VwGH 2013/08/0183

VwGH2013/08/01839.10.2013

Der Verwaltungsgerichtshof hat durch den Vorsitzenden Senatspräsident Dr. Waldstätten und die Hofräte Dr. Strohmayer und Dr. Lehofer als Richter, im Beisein des Schriftführers Mag. Berthou, über die Beschwerde des K E in S, vertreten durch Anzböck & Brait Rechtsanwälte GmbH in 3430 Tulln, Stiegengasse 8, gegen den Bescheid des Unabhängigen Verwaltungssenates im Land Niederösterreich vom 5. Juli 2013, Zl. Senat-KO-12-2119, betreffend Bestrafung nach dem ASVG (weitere Partei: Bundesminister für Arbeit, Soziales und Konsumentenschutz), zu Recht erkannt:

Normen

ASVG §10 Abs1;
ASVG §11 Abs1;
ASVG §111;
ASVG §33;
VStG §5 Abs1;
ASVG §10 Abs1;
ASVG §11 Abs1;
ASVG §111;
ASVG §33;
VStG §5 Abs1;

 

Spruch:

Die Beschwerde wird als unbegründet abgewiesen.

Begründung

Wie sich aus der Beschwerde und dem mit ihr vorgelegten angefochtenen Bescheid ergibt, hat die belangte Behörde den Beschwerdeführer gemäß § 111 Abs. 1 Z 1 iVm § 33 Abs. 1 und Abs. 1a ASVG mit einer Geldstrafe von EUR 2.180,-- (Ersatzfreiheitsstrafe 72 Stunden) belegt, weil er es als handelsrechtlicher Geschäftsführer der B. GmbH zu verantworten habe, dass diese Gesellschaft es unterlassen habe, den bei ihr am 25. Februar 2012 als Kraftfahrer beschäftigten und in der Krankenversicherung pflichtversicherten K. K. vor Arbeitsantritt beim zuständigen Krankenversicherungsträger, der Niederösterreichischen Gebietskrankenkasse, anzumelden.
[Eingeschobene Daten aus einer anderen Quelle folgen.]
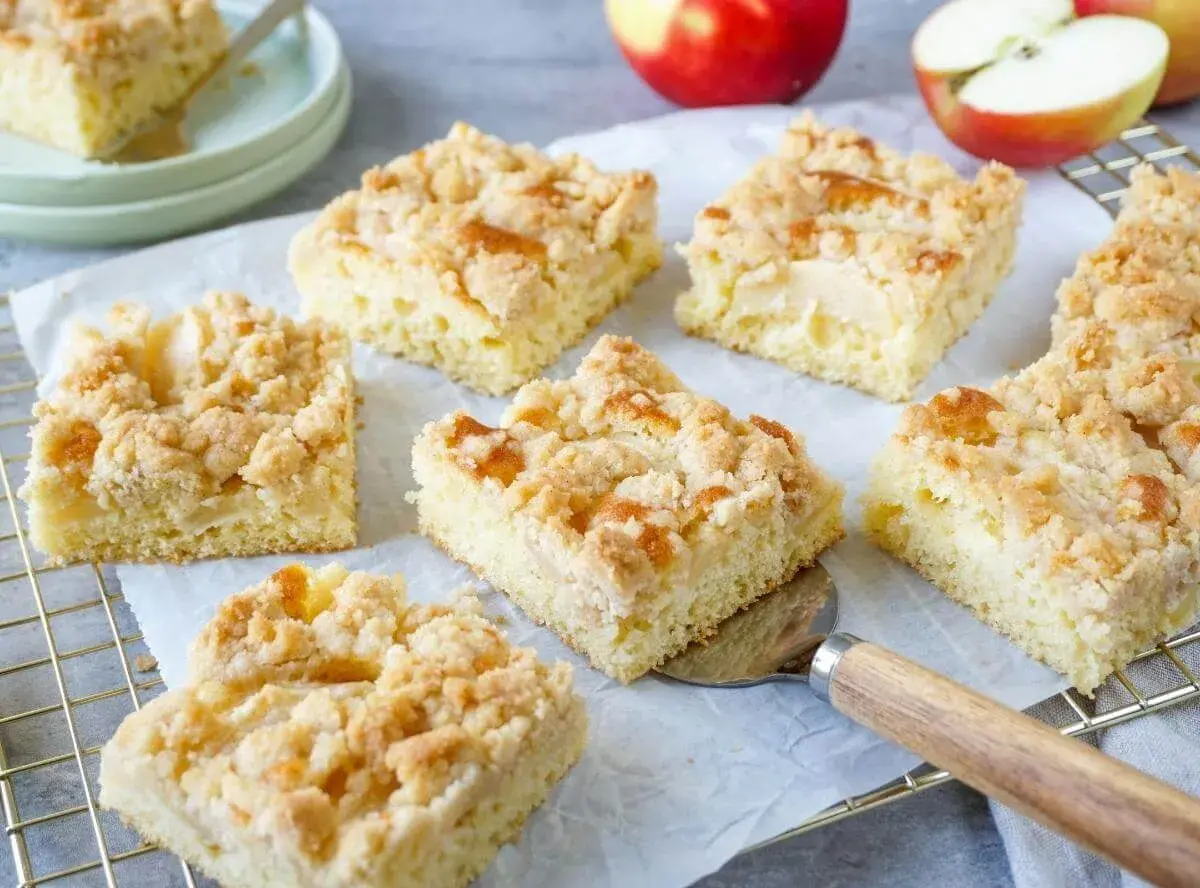 Saftiger Apfelkuchen vom Blech mit Streuseln, frisch gebacken und in Stücke geschnitten. Daneben liegen Äpfel.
K. K., ein slowakischer Staatsangehöriger, habe am 25. Februar 2013 als Lenker eines auf das vom Beschwerdeführer vertretene Unternehmen zugelassenen Lkw eine Ladung Kartoffeln nach Hollabrunn verbracht, ohne zur Sozialversicherung angemeldet gewesen zu sein. Werde jemand bei der Erbringung von Dienstleistungen arbeitend unter solchen Umständen angetroffen, die nach der Lebenserfahrung üblicherweise auf ein Dienstverhältnis hindeuten (wie dies bei der Tätigkeit eines Lkw-Lenkers der Fall sei), so sei die Behörde berechtigt, von einem Dienstverhältnis im üblichen Sinn auszugehen. Atypische Umstände lägen nicht vor. Es sei von einem entgeltlichen Dienstverhältnis auszugehen. Es wäre Sache des Beschwerdeführers gewesen, glaubhaft darzulegen, dass ihn an der Begehung der Verwaltungsübertretung kein Verschulden getroffen habe. Auf Grund einer vorhandenen rechtskräftigen Vormerkung wegen der Übertretung des § 111 Abs. 1 Z 1 iVm § 33 Abs. 1 ASVG (Bestrafung durch die Bezirkshauptmannschaft K.) handle es sich um ein Wiederholungsdelikt. Es sei die gesetzliche Mindeststrafe verhängt worden.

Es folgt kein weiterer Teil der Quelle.